The sheer amount of electricity produced by intermittent renewables (solar & wind) while nobody wants it grows. Many markets have more and more negative prices timeframes, where the producer is ready to pay in order to get rid of it (gridpower network stability implies "production == consumption", any over/under-load is dangerous for it). However electricity prices are way, way up during under-production periods. This creates an already huge and growing incentive for storage.
Also add electric vehicles batteries (and, maybe one day, home batteries) which will more and more be usable to store overproduction thanks to smartgrid and various tricks ( such as https://en.wikipedia.org/wiki/Vehicle-to-grid).
The landscape is quickly (relatively to its huge inertia) changing.
All of the above facts are exactly correct. There is a huge financial incentive for storage. Right now.

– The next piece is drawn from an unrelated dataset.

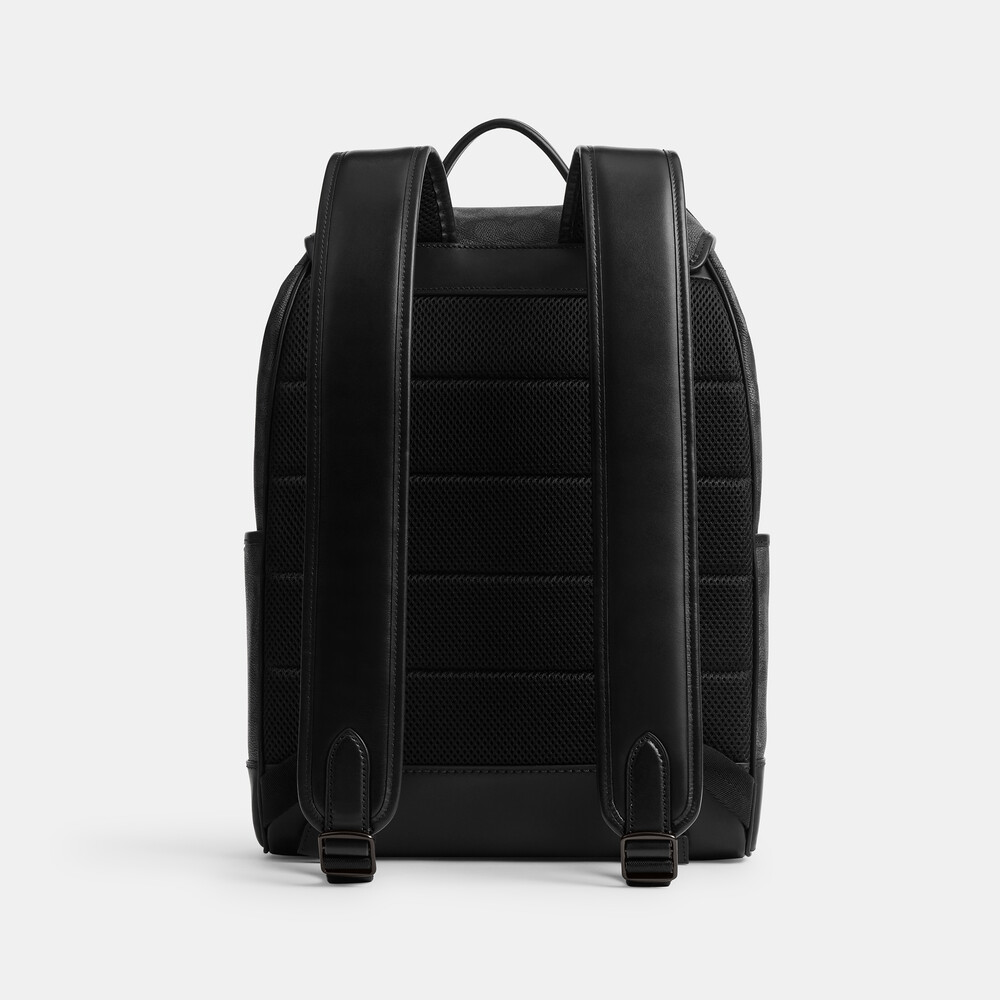 Coach League Flap Backpack In Signature Canvas 29 - GREY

And yet the storage is not being built in any meaningful sense. At best we have "ideas" but these have not been actually deployed at scale. People keep throwing out ideas, but when there is a crunch they fly in diesel generators or add gas peaker plants.
That alone should tell you how expensive the storage problem is to address. It's a very hard problem.
This just isn't correct. There are dozens of pilot projects for novel grid storage systems being built right now all around the world, and existing battery based grid storage like Tesla's megapack have multiple installations already in use, and dozens more planned this year. Pumped hydro alone is already in the hundreds of GW range.
The reason grid storage hasn't been built is because batteries were too expensive, but more importantly, grid storage was never needed. It takes 5-10 years for new tech to see widespread deployments, and it's only been a few years that grid storage had been getting this investment.
And as I said, we have hundreds of 100MWh+ battery plants, and hundreds of GWh of pumped hydro. The idea that they haven't been deployed at scale is just wrong.